Даже ультранационалист Владимир Жаботинский (1880–1940) боролся за тот же принцип в ивритском образовании:
Центр тяжести концепции «образования» сегодня лежит в изучении общих наук. Маленький ребенок, особенно здоровый ребенок, не интересуется национальными вопросами. Его любопытство возбуждают совсем другие вопросы: Почему лошадей не впрягают в поезд? Что это за яркий электрический свет в фонарях на рыночной площади? Откуда берутся летняя жара и зимний холод? Где находится Америка, откуда приходят письма от старшего брата? Записывайте в течение нескольких месяцев все вопросы, которые задает ваш маленький сын, и вы увидите, что лишь малая часть из них касается еврейских тем, тогда как большинство принадлежит «общим» дисциплинам. Поэтому базовый язык в школе — это тот, на котором изучаются общие предметы. Язык школы, и только он, всегда останется языком культуры и образования.
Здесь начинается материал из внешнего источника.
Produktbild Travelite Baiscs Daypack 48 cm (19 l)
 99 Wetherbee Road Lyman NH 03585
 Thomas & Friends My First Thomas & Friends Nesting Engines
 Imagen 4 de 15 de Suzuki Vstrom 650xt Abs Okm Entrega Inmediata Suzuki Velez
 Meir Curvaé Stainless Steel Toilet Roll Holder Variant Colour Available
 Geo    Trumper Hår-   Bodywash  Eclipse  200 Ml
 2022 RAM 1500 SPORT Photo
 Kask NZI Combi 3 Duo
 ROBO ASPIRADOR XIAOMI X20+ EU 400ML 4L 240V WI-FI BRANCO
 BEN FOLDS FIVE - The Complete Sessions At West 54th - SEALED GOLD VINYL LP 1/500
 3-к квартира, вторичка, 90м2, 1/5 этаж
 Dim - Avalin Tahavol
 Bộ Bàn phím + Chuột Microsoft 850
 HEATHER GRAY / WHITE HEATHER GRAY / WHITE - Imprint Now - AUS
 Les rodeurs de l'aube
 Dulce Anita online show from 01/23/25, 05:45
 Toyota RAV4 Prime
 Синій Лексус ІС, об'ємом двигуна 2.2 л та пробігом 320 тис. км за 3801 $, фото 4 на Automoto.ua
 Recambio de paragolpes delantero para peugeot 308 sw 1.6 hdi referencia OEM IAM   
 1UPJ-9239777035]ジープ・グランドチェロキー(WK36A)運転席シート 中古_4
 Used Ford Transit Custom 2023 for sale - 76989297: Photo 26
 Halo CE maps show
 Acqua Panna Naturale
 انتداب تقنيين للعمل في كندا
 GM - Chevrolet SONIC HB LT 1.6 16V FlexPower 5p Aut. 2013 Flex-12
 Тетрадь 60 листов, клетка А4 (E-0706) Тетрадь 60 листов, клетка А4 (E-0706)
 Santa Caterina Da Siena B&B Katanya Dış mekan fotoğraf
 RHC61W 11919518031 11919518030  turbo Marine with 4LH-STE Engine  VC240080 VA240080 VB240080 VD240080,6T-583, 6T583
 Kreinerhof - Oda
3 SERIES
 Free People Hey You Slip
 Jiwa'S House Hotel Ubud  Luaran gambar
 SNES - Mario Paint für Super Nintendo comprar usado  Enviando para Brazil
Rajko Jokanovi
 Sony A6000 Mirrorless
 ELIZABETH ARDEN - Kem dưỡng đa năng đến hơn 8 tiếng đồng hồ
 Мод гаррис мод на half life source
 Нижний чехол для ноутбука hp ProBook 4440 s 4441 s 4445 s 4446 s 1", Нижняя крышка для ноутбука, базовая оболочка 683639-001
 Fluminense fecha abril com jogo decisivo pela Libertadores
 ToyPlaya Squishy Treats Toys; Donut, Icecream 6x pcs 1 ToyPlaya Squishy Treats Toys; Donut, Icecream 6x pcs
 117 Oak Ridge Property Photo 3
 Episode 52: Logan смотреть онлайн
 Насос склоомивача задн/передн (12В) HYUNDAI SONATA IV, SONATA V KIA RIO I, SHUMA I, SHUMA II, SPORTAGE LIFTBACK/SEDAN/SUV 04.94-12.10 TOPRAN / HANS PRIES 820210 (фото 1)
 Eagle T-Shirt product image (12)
В связи с этим, пропагандируя полноценное ивритское образование в диаспоре, Жаботинский замечает, что детская литература также не должна быть «национальной» по духу и содержанию: «…интересная книга на иврите — это желательный тип для нашей детской библиотеки» (Jabotinsky 1914:411). Ведь, как объясняет Жаботинский, у других народов тоже часто бывает так, что отец — националист, а сын — космополит, который не верит в национализм; «но у этих народов есть более сильная связь, чем эмоция, которая привязывает индивида к нации, а именно — языковая связь. В национальном образовании язык — это суть, а содержание — это мякина». (Jabotinsky 1915:406; курсив мой. — Б.Х.)